Information provided —
**********
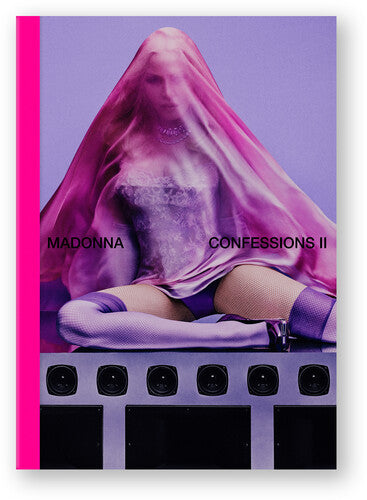 Madonna - Confessions II (Deluxe)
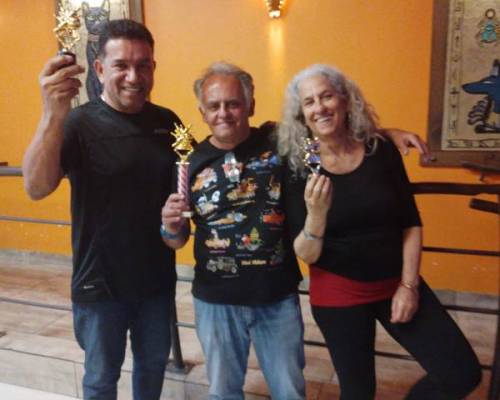 32336 7 BOWLING EN SOBEK EN CABALLITO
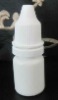 PE eye drop bottle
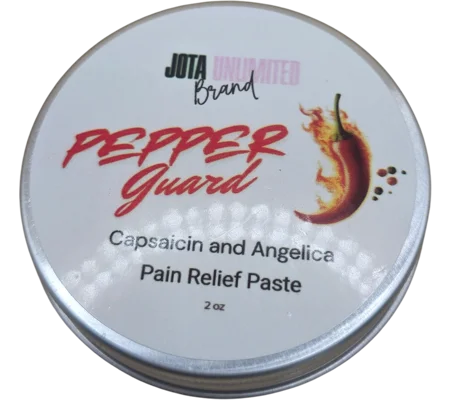 PepperGuard Capsaicin Paste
**********
Instructions for the task — If a line holds a picture, skip the picture and transcribe the rest of the material exactly.

Solution to this exercise —
 Madonna - Confessions II (Deluxe)
 32336 7 BOWLING EN SOBEK EN CABALLITO
 PE eye drop bottle
 PepperGuard Capsaicin Paste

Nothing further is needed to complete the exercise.